=== What you need to do ===
From the records below, please repeat exactly the line that has "212. Klosterbr!au Bügelflasche", the line that has "2025 Volkswagen Taos Trendline-1", and every line between them, and nothing else.
─── Data extracts ───
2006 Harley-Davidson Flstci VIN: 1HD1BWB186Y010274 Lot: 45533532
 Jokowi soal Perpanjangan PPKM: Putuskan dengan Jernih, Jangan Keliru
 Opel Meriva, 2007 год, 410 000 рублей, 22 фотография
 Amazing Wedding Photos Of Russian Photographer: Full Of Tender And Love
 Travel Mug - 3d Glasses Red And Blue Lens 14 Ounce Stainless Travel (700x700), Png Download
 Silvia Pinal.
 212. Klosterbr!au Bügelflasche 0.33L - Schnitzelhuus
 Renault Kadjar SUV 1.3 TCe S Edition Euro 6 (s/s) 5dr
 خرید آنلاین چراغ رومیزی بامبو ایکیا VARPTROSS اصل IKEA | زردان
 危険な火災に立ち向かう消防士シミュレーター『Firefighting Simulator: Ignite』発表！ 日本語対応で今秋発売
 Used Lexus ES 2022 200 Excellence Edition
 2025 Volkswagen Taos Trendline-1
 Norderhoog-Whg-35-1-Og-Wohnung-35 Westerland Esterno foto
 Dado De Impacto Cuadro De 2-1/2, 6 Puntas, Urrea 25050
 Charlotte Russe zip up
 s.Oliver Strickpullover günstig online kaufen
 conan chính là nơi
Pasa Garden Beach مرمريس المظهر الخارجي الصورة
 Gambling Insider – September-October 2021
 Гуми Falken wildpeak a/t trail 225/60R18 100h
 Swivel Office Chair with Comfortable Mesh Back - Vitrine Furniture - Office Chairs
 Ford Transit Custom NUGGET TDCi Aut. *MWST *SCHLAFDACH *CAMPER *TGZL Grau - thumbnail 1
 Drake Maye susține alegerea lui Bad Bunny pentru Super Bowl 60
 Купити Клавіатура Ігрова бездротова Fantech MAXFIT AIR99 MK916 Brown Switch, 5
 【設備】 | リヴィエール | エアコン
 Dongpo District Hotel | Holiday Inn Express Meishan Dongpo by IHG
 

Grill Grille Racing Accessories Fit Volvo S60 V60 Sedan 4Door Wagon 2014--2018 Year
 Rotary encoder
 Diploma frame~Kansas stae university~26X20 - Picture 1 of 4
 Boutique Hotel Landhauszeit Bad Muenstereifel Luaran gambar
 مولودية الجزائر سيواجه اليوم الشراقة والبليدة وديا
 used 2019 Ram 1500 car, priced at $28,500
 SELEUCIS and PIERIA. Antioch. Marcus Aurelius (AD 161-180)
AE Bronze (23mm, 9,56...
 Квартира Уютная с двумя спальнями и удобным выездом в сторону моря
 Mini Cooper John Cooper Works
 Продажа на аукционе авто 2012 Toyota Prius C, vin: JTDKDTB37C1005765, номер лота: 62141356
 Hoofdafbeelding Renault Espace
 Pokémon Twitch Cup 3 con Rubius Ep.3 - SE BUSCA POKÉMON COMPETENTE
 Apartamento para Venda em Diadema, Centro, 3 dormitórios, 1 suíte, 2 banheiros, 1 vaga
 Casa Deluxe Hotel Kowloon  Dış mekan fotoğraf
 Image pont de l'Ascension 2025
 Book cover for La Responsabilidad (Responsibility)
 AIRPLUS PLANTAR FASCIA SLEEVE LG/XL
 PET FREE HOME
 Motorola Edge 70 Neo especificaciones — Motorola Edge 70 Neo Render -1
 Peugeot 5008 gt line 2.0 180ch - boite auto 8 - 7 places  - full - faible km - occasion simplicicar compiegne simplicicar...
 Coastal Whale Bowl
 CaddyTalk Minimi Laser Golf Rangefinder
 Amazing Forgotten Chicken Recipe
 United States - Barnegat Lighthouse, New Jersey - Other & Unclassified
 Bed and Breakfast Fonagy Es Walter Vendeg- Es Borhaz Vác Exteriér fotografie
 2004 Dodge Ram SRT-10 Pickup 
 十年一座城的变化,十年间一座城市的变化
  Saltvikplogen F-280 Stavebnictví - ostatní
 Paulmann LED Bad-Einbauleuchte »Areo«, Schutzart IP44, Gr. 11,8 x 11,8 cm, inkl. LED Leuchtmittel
───
=== Exercise response ===
 212. Klosterbr!au Bügelflasche 0.33L - Schnitzelhuus
 Renault Kadjar SUV 1.3 TCe S Edition Euro 6 (s/s) 5dr
 خرید آنلاین چراغ رومیزی بامبو ایکیا VARPTROSS اصل IKEA | زردان
 危険な火災に立ち向かう消防士シミュレーター『Firefighting Simulator: Ignite』発表！ 日本語対応で今秋発売
 Used Lexus ES 2022 200 Excellence Edition
 2025 Volkswagen Taos Trendline-1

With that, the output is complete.